The new report from the Australian Council of Recyclers and the Australian Packaging Covenant Organisation, Securing Australia’s Plastic Recycling Future, presents a sobering picture of an industry in danger of collapse without urgent reform.
Companies that use packaging currently have no responsibility for the packaging they put into the market, and local councils and landfills are overwhelmed by rising volumes of material that could be recycled.
The Australian Local Government Association (ALGA) is urgently calling for a regulated, national product stewardship scheme for packaging and plastics.
It would require companies to reclaim, recycle and reuse their commercial packaging and plastic.
Local councils are overwhelmed by rising volumes of packaging and plastics, with landfill capacity nearing its limits.
Each year, Australia uses over 1.3 million tonnes of plastic packaging, but more than 1 million tonnes ends up in landfill or as litter.
Although recyclers can process plastics, low demand for recycled material threatens facility closures, leading to more waste, increased imports, and job losses.
Investments in domestic recycling were made in anticipation of a mandatory national scheme, a promise yet to be fulfilled.
Regulatory uncertainty now threatens the entire system, with some recyclers considering withdrawal from services, which could increase landfill and restart stockpiling.
ALGA warns that councils and ratepayers already carry a significant cost burden, and they can’t afford to bear the additional cost of doing nothing.
Environmental costs are projected to exceed $5 billion by 2050, and councils will be left to shoulder the burden.
By contrast, modelling by the Australian Council of Recyclers shows that moving the responsibility for packaging waste back to industry would only add 0.1 per cent to product costs.

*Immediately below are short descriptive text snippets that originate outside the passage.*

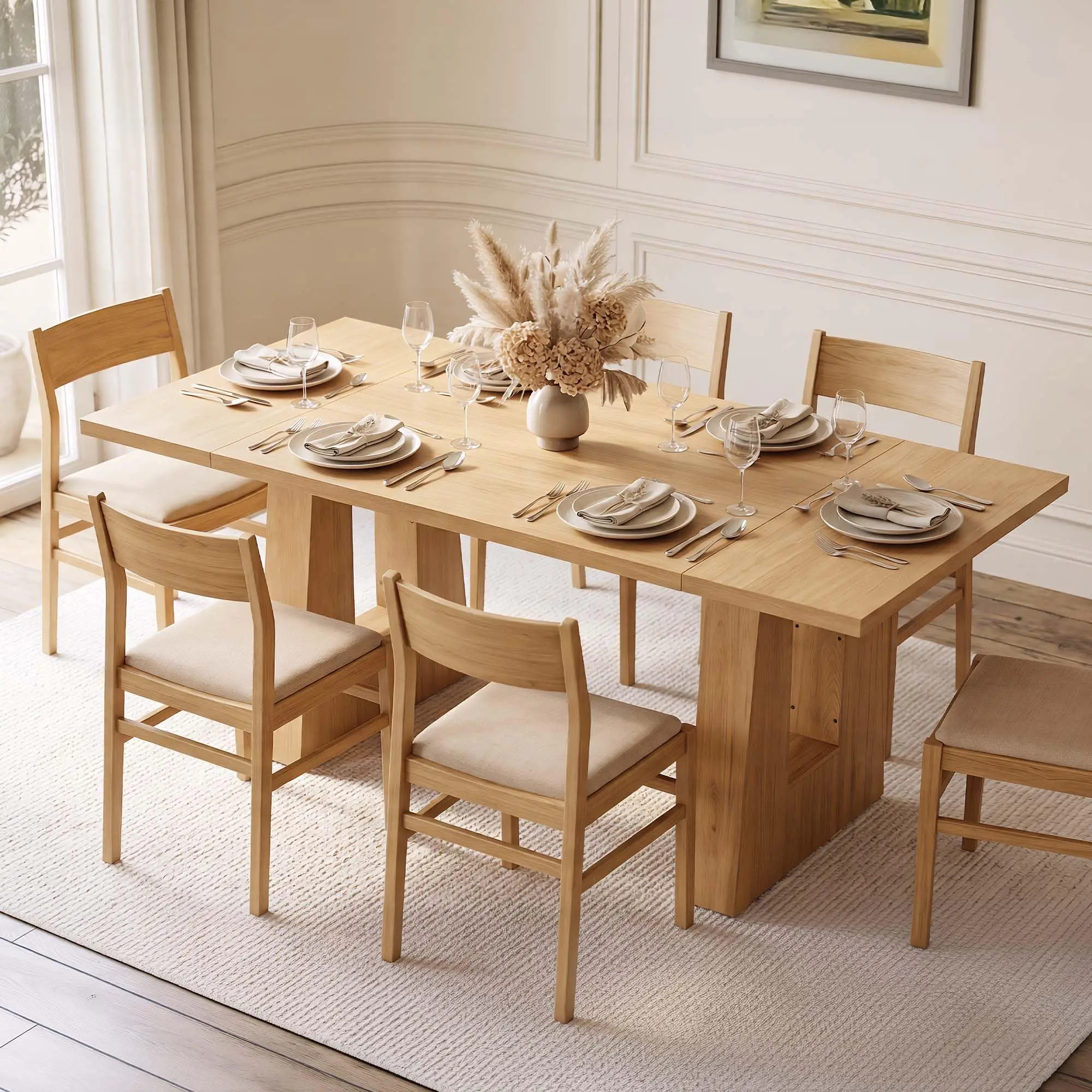 Thumbnail 2 - #30 Dining Room Tables Ranking List in 2026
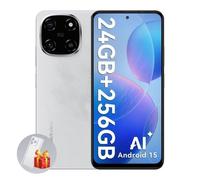 Blackview COLOR 6 4G 8GB 256GB 6.67" Bianco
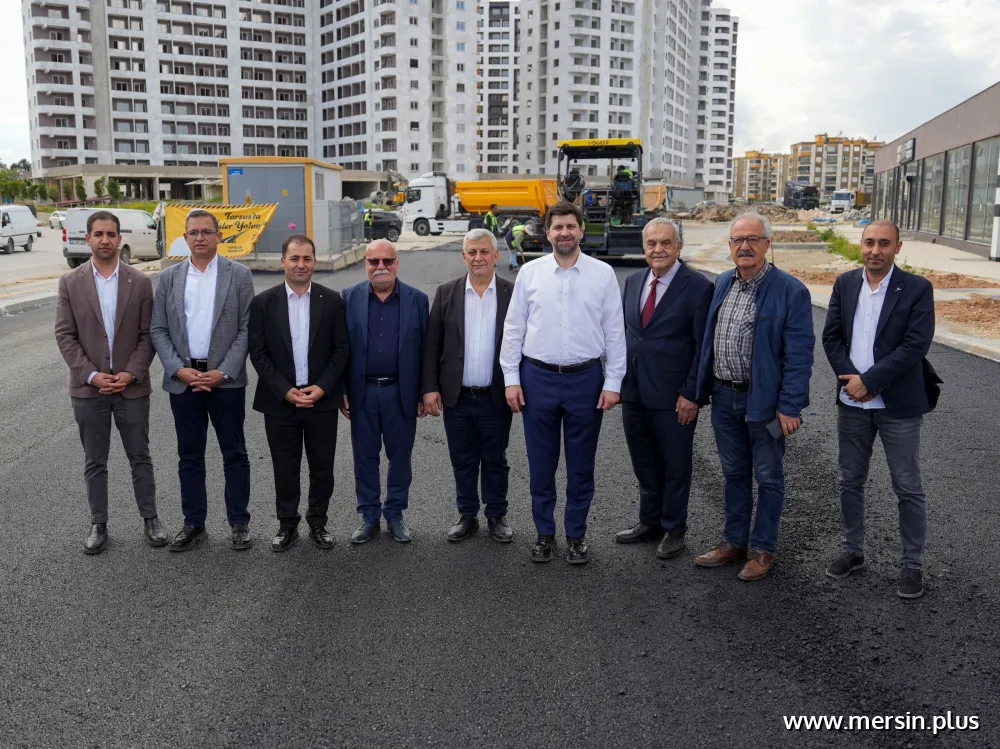 Hükümet Konağı Çevresinde Otopark Sorununa Kalıcı Çözüm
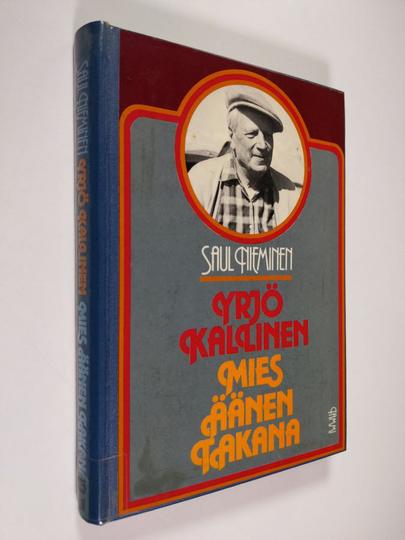 Saul Nieminen : Yrjö Kallinen : mies äänen takana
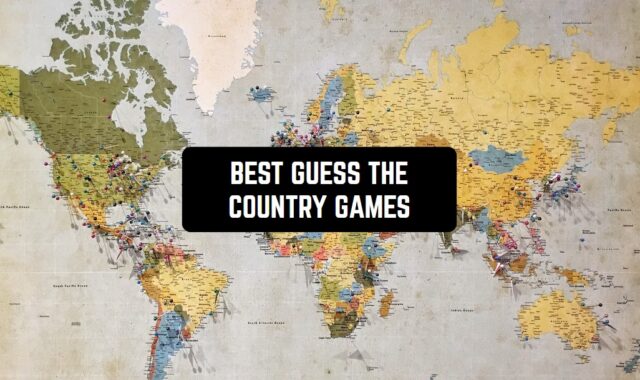 10 Best Guess The Country Games for Android & iOS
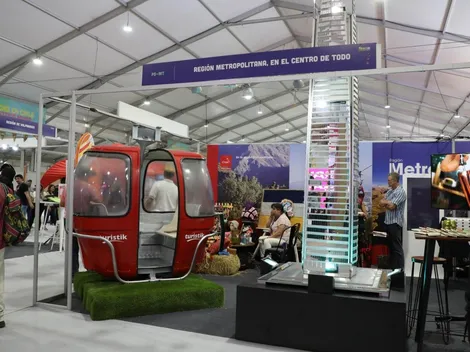 ¿Cómo asistir a la Expo FISA esta semana en Chile?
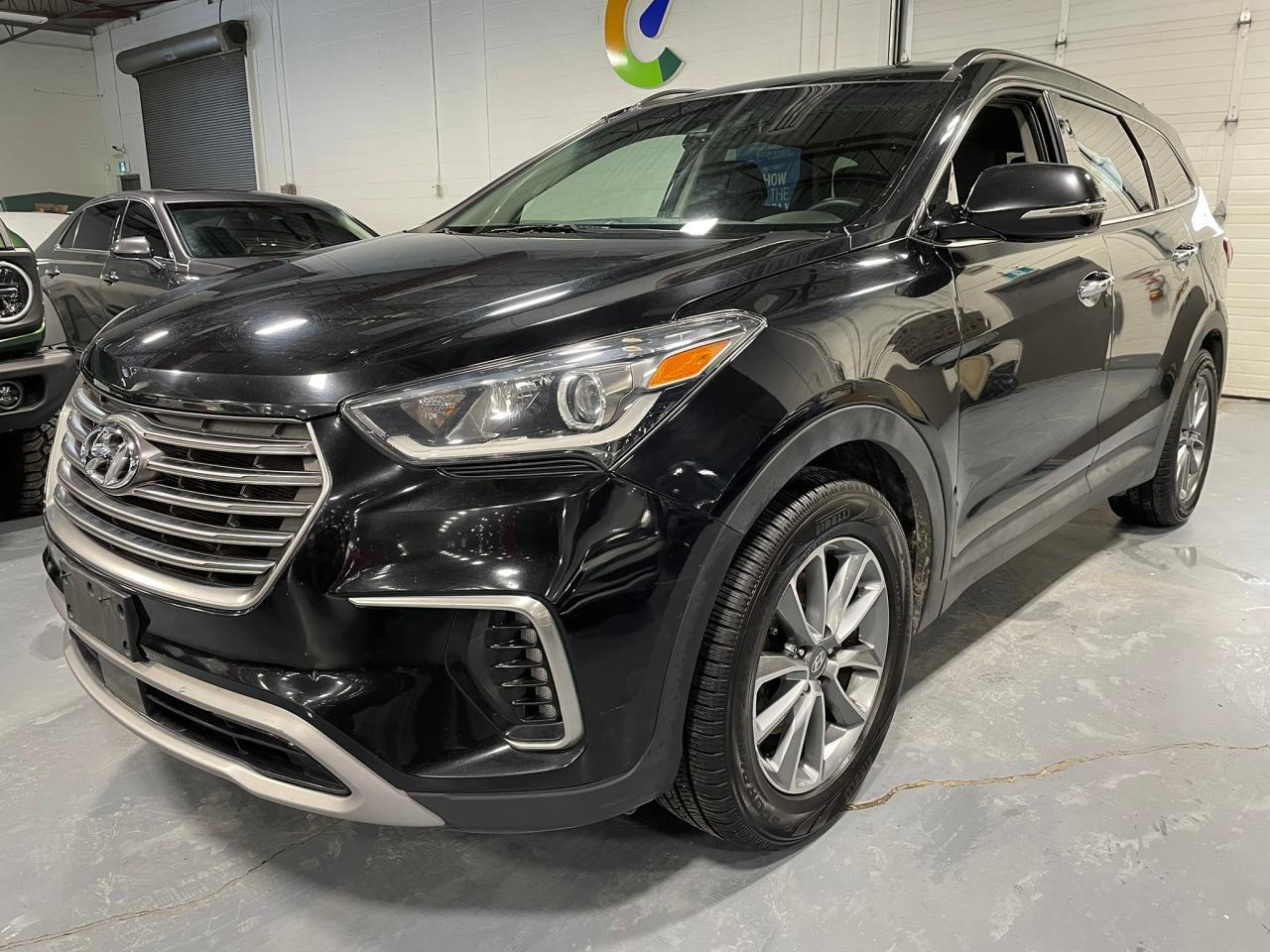 2019 Hyundai Santa Fe XL
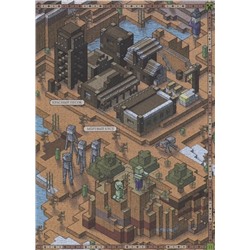 Уценка. Minecraft. Книга карт. Записки путешественника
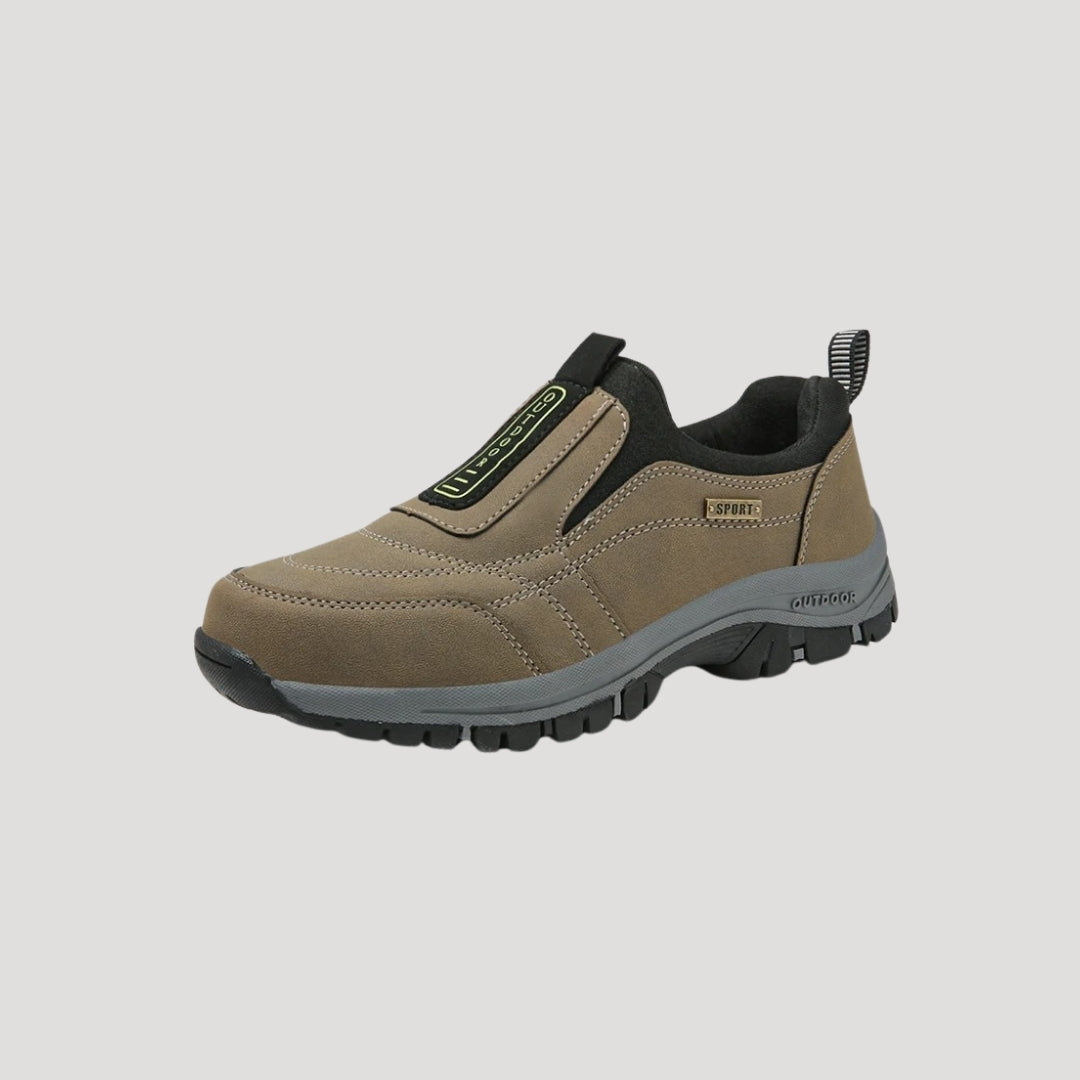 Men's Rugged Slip-On Outdoor Shoes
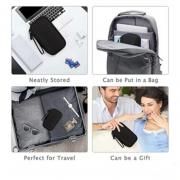 Travel Gadget Pouch - Double Layer  Small Pouch Travel & Outdoor Accessories Other Travel & Outdoor Accessories Bags New Arrivals OHT1010-05.jpeg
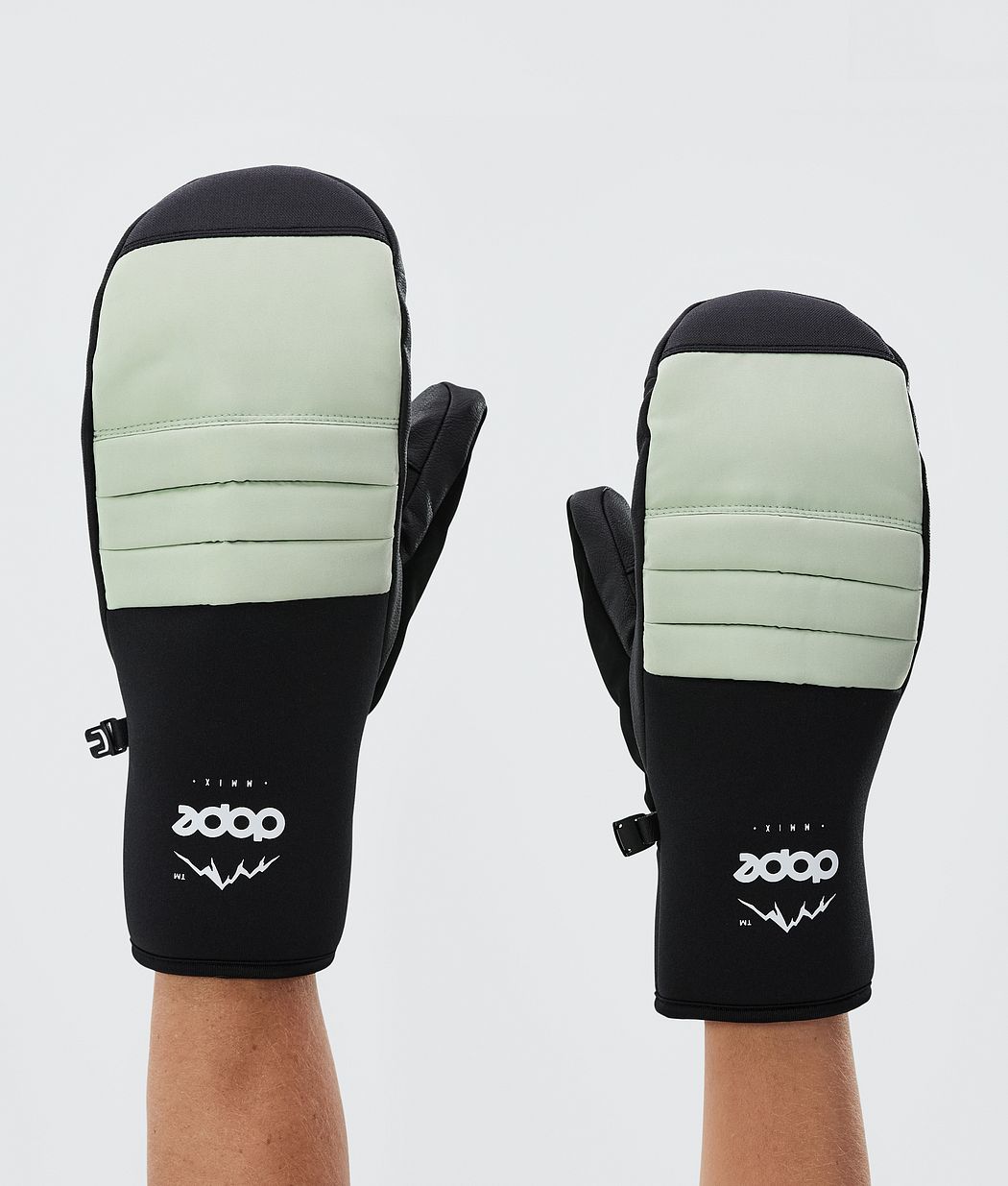 Dope Ace Fäustlinge Herren Grün | 452-VMRDBJ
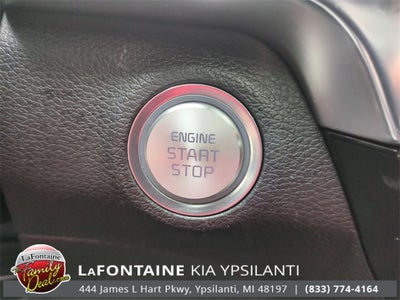 2020 Kia Telluride SX AWD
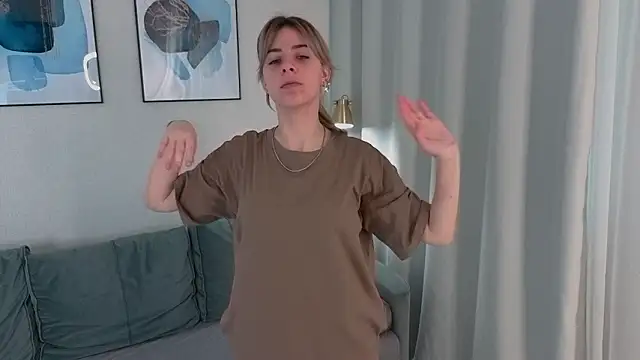 RebeccaaNelson online show from March 26, 7:06 am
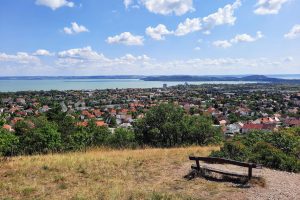 Balatonfüred Tamás-hegy kirándulás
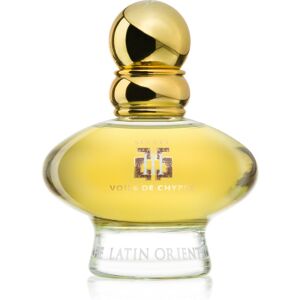 Eisenberg Secret III Voile de Chypre Eau de Parfum da donna 50 ml Eisenberg Secret III Voile de Chypre Eau de Parfum da donna 50 ml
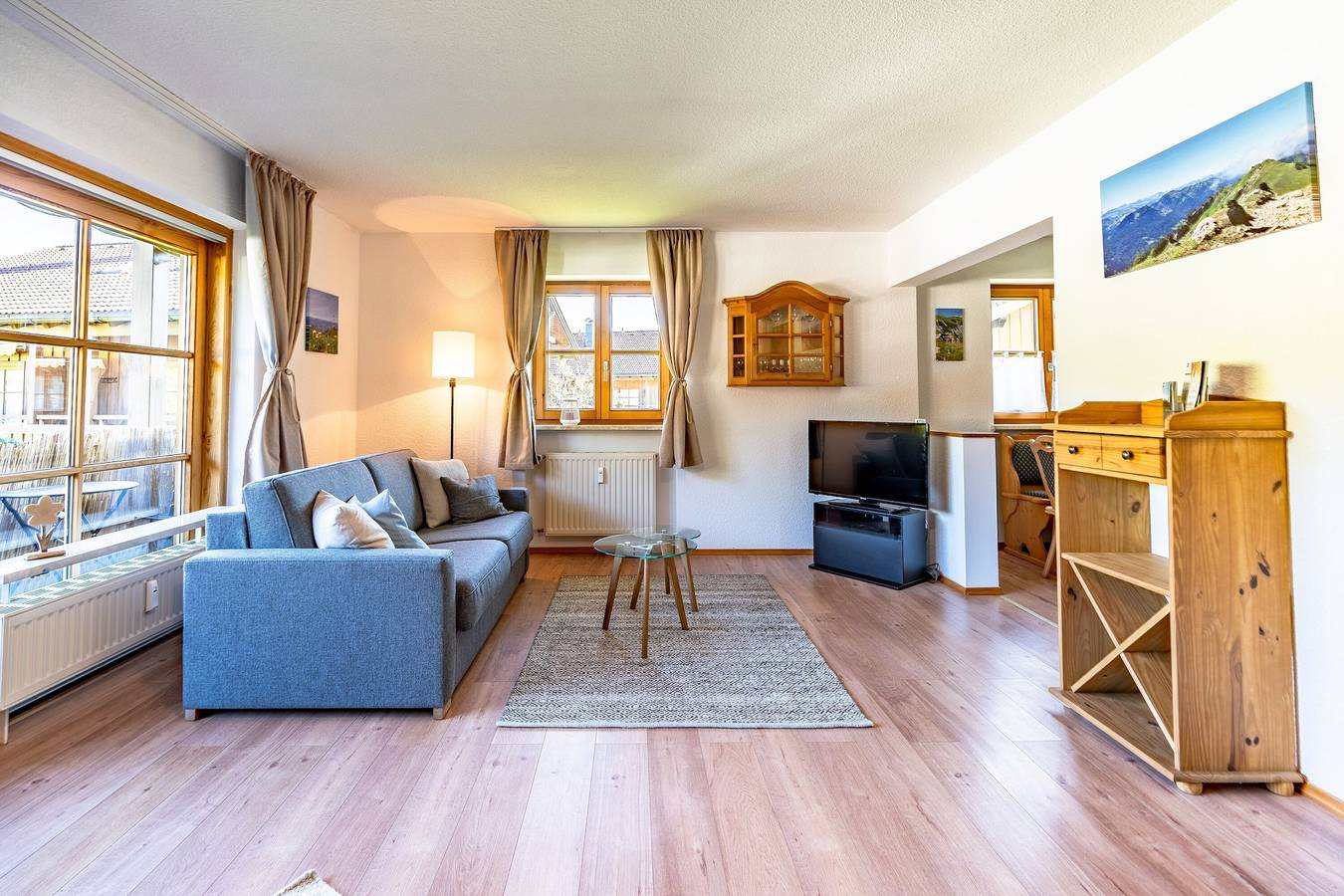 Ganze Ferienwohnung, Kleine Auszeit in Obermaiselstein, Bayerisch Schwaben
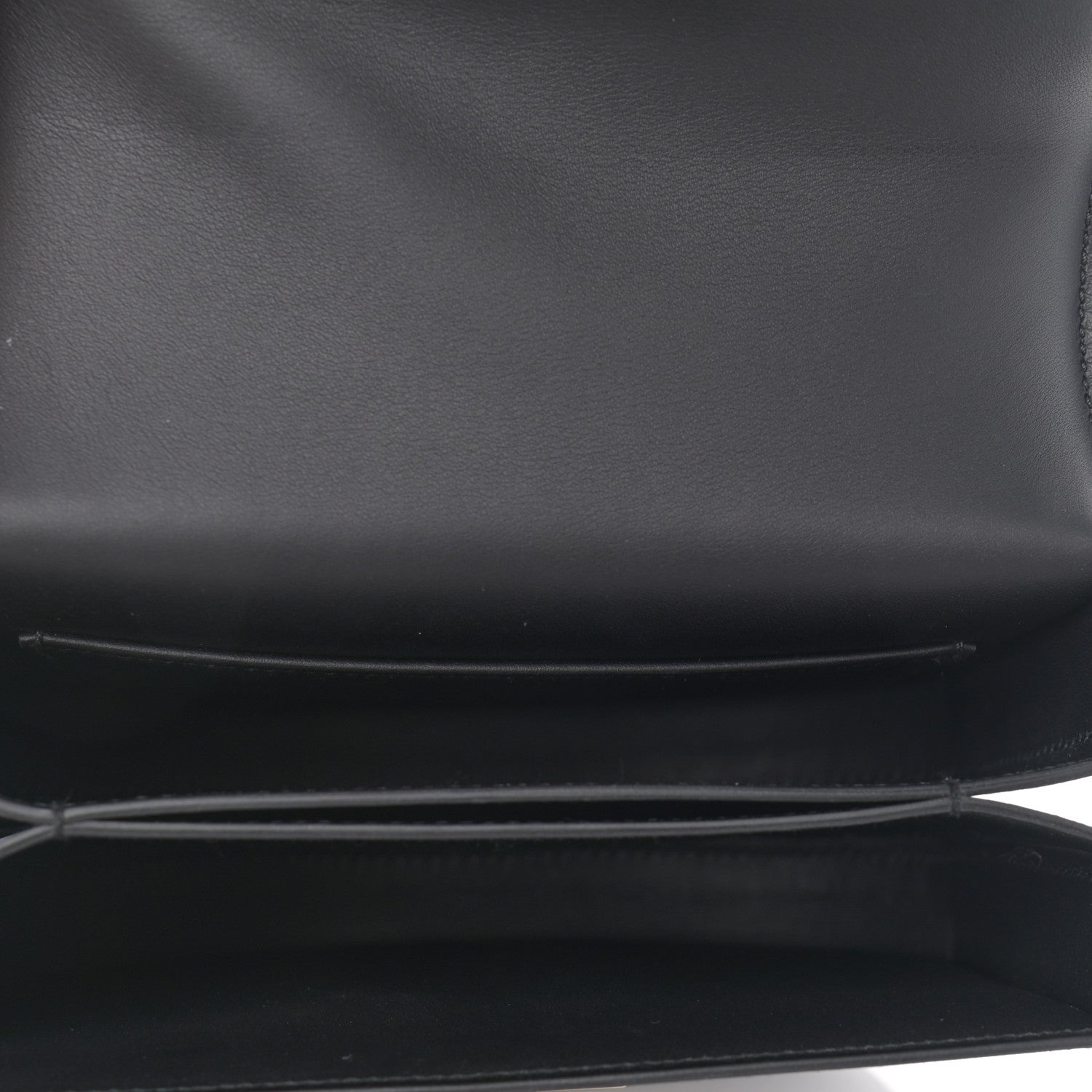 Hermes Chevre Mysore Mosaique Au 24-17 Black 5 of 11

National Packaging Reform is urgently needed to support recycling, create a level playing field, and shift responsibility to industry over ratepayers.
Local government seeks a practical solution that provides investment certainty.
ALGA urges the government to explore using the Recycling and Waste Reduction Act to mandate an extended producer responsibility scheme, ensuring systematic monitoring of risks and impacts on local government services, and guaranteeing minimum service levels for regional, rural, and remote communities.
Australia can be a leader in packaging and plastics stewardship, but leadership requires action.
The time for a national product stewardship scheme is now, before financial and environmental costs become unmanageable and before vital infrastructure and jobs are lost.